The responsibilities of the Board of Directors include the following:
- Determination of the Company’s business objectives and strategy and overall responsibility for the Company’s activities including the review of business activity and performance.
- Ensuring that commercial and regulatory risks and financing needs are properly considered and that all obligations of the company are adhered to.
- Implementing appropriate corporate governance standards and overseeing the effectiveness of the Company’s system of internal control.
Committees of the Board
The Company’s audit committee comprises Matthew Wrigley (Chairman), Nigel Birrell and Mark Le Tissier. The Audit Committee will meet as often as required and at least twice a year. The Audit Committee’s main functions include, inter alia, reviewing the effectiveness of internal control systems and risk assessment, considering the need for an internal audit, making recommendations to the Board in relation to the appointment and remuneration of the Company’s auditors and monitoring and reviewing annually their independence, objectivity, effectiveness and qualifications. The Audit Committee will also monitor the integrity of the financial statements of the Company including its annual and interim reports, preliminary results’ announcements and any other formal announcement relating to financial performance. The Audit Committee will be responsible for overseeing the Company’s relationship with the external auditors, including making recommendations to the Board on the appointment of the external auditors and their remuneration. The Audit Committee will consider the nature, scope and results of the auditors’ work and reviews, and develop and implement policy on the supply of non-audit services that are to be provided by the external auditors. The Audit Committee will focus particularly on compliance with legal requirements, accounting standards and the relevant AIM Rules for Companies and ensuring that an effective system of internal financial and non-financial controls is maintained. The ultimate responsibility for reviewing and approving the annual report and accounts will remain with the Board. The identity of the Chairman of the Audit Committee will be reviewed on an annual basis and the membership of the Audit Committee and its terms of reference will be kept under review. The Audit Committee will have no links with the Company’s external auditors.
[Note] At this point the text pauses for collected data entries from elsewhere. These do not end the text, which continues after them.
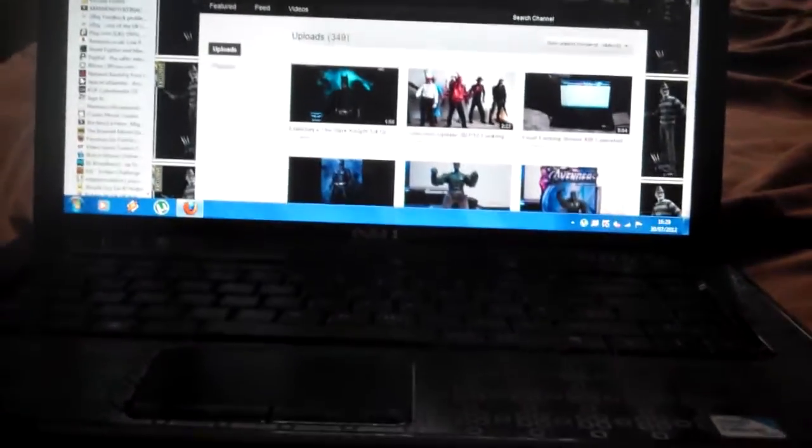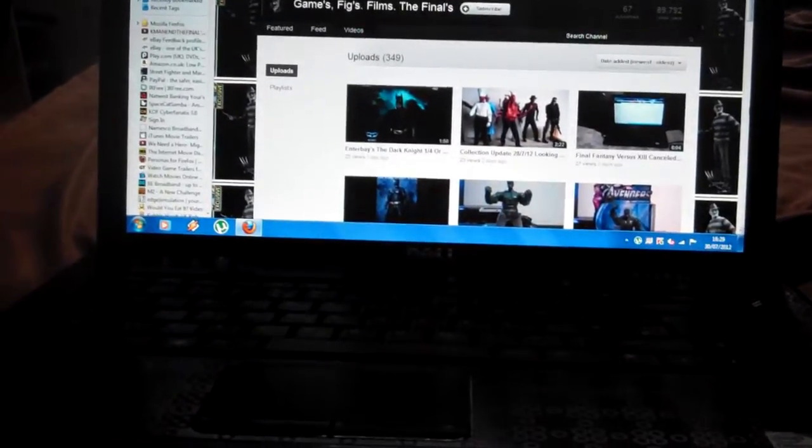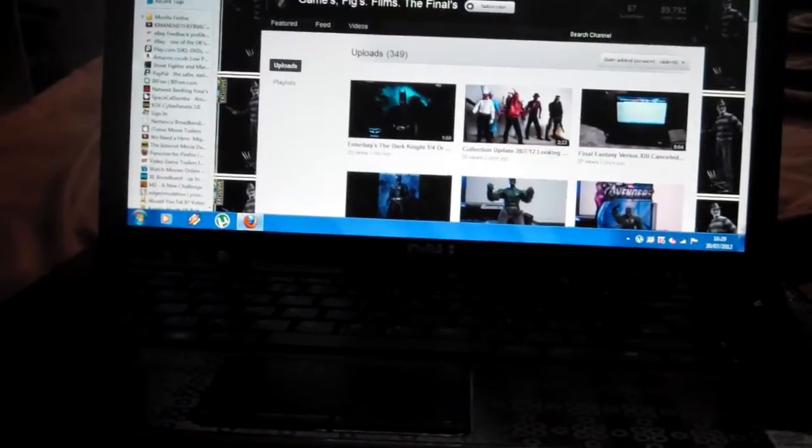I heard they rebranded it to Final Fantasy XIII, like I said in my other video. And Final Fantasy XIII is still coming out.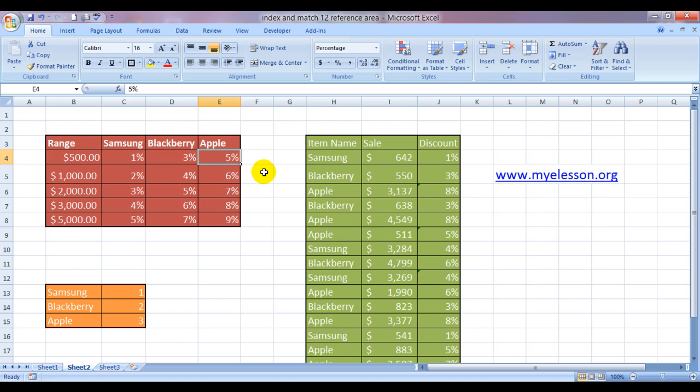This Excel sheet that you're looking at in this video is available for free download on my website myelesson.org. You can download it from there to practice, and I bet you better do practice this formula.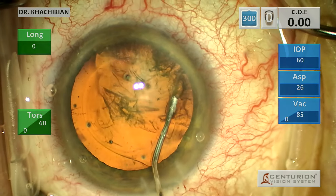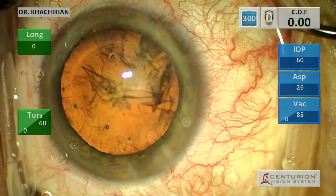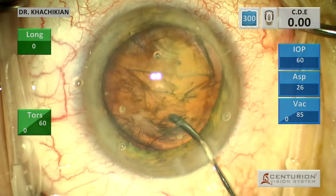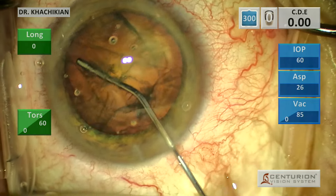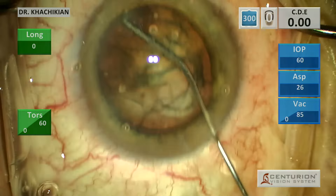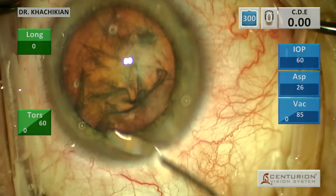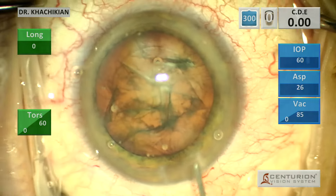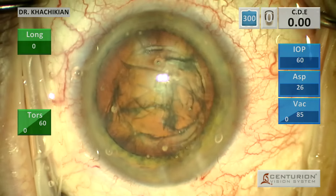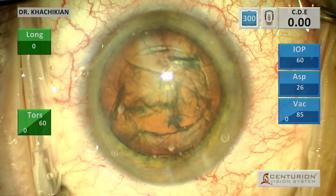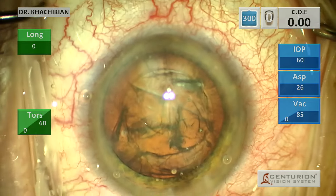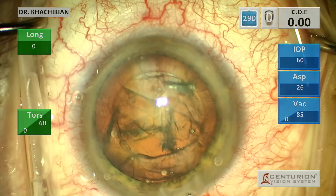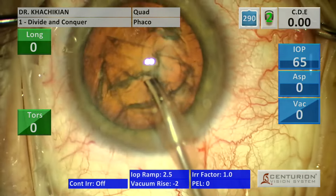We'll do our hydro dissection and a little bit of hydro delineation and we'll get that lens to spin. There you can see the hydro delineation wave. A little more viscoelastic is usually what we'll do, and then the FACO handpiece. Make sure you test the FACO handpiece before you put it in the eye.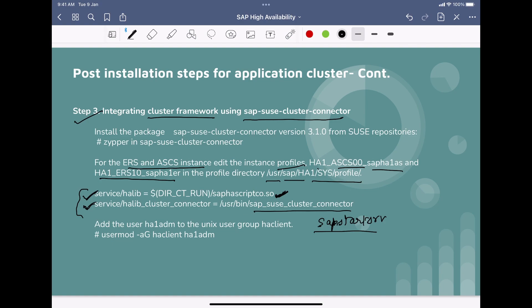Apart from this, you also have to perform one more important step: add your SID ADM user to the group 'ha_client'. The command to add this user is: usermod -a -G ha_client <SID>adm. This is the group you want to add your user to. Once you add it, step three will be completed.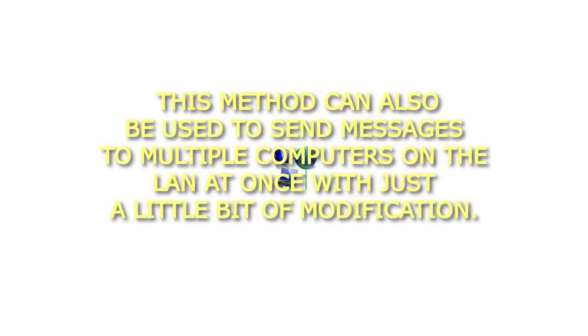This method can also be used to send messages to multiple computers on the LAN at once with just a little bit of modification.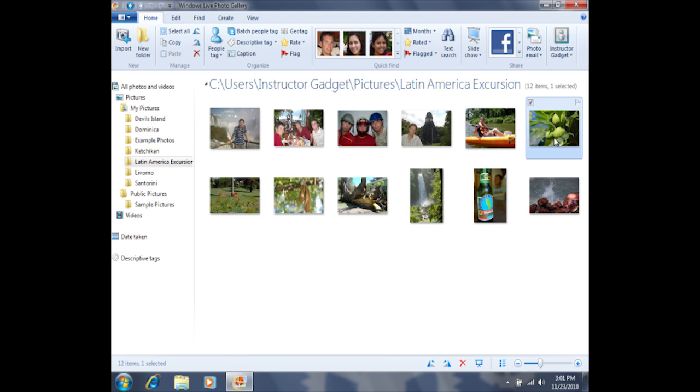In order to select the other photos, I can utilize the control key on my keyboard. That's in the bottom left-hand corner of the keyboard. It says CTRL, which stands for control. I recommend using your left hand and holding down the control key. Maintaining the control key down, I can then click anywhere on the other photos.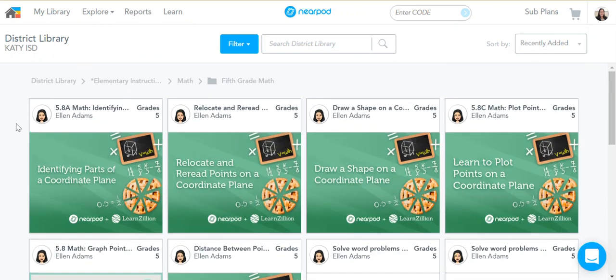So if you have any questions about Nearpod — how to access lessons or how to create your own — let me know, I would be happy to help.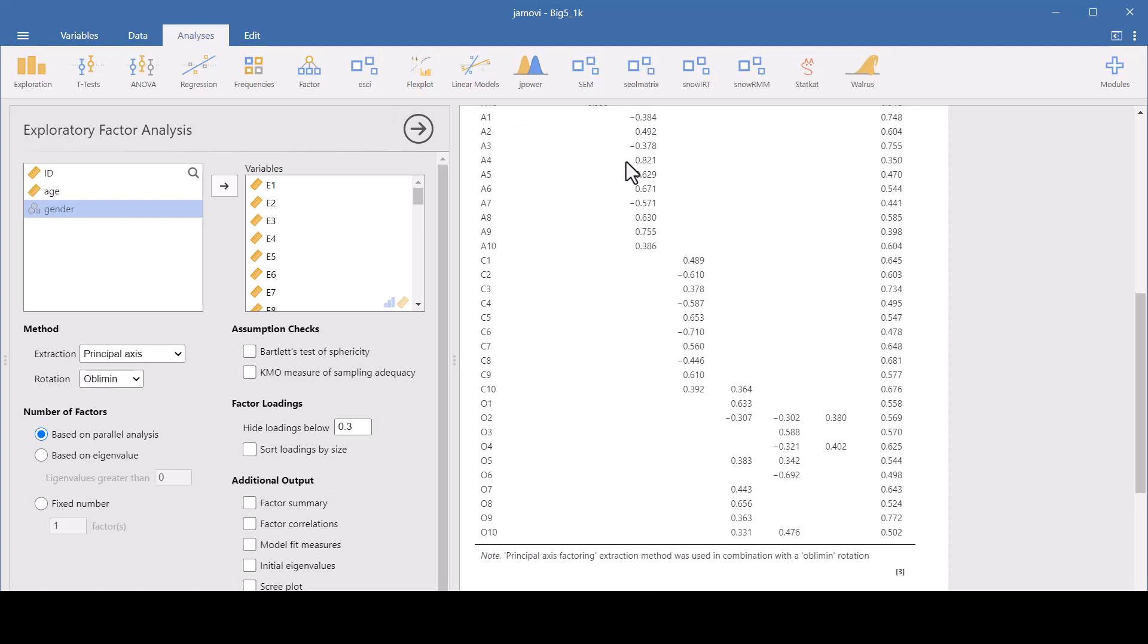Now you have to decide whether you want a parallel analysis or do you want to set the eigenvalues to a specific thing like greater than one. The parallel analysis is the recommended one. It will help you decide how many factors to retain. What it does is it takes your eigenvalues generated from your actual data set and compares them to eigenvalues generated from a random data set of the same size and dimensions, and then it will graph them for you. The factors whose actual eigenvalues exceed the corresponding eigenvalues from the random data are considered significant and they're the ones that you should retain.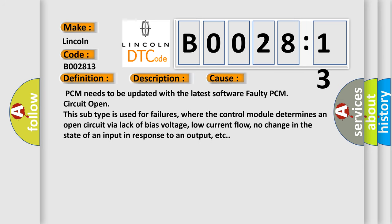PCM needs to be updated with the latest software, faulty PCM, or circuit open. This subtype is used for failures where the control module determines an open circuit via lack of bias voltage, low current flow, no change in the state of an input in response to an output, etc.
The Company’s remuneration committee comprises Nigel Birrell, Mark Le Tissier and Matthew Wrigley.
No formal committee, the full board consider and manage these responsibilities in line with the Company’s admission document and articles.
Share Dealing Code
The Company has adopted a share dealing code for the Board, in conformity with the requirements of Rule 21 of the AIM Rules for Companies, and will take steps to ensure compliance by the Board and senior staff with the terms of the policy. In summary not deal in any securities of the Company unless prior written notice of such proposed dealings has been given to the Board and written clearance received from the Board; not purchase or sell any securities of the Company in the two months immediately preceding the announcement of the Company’s half-yearly or annual results; not use another person, company or organisation to act as an agent, or nominee, partner, conduit or in another capacity, to deal in any securities on their behalf where that third person would breach obligations under this paragraph; and immediately inform the Board of any dealings in the Company’s shares.
Duke Royalty Limited is currently subject to the UK City Code on Takeovers and Mergers.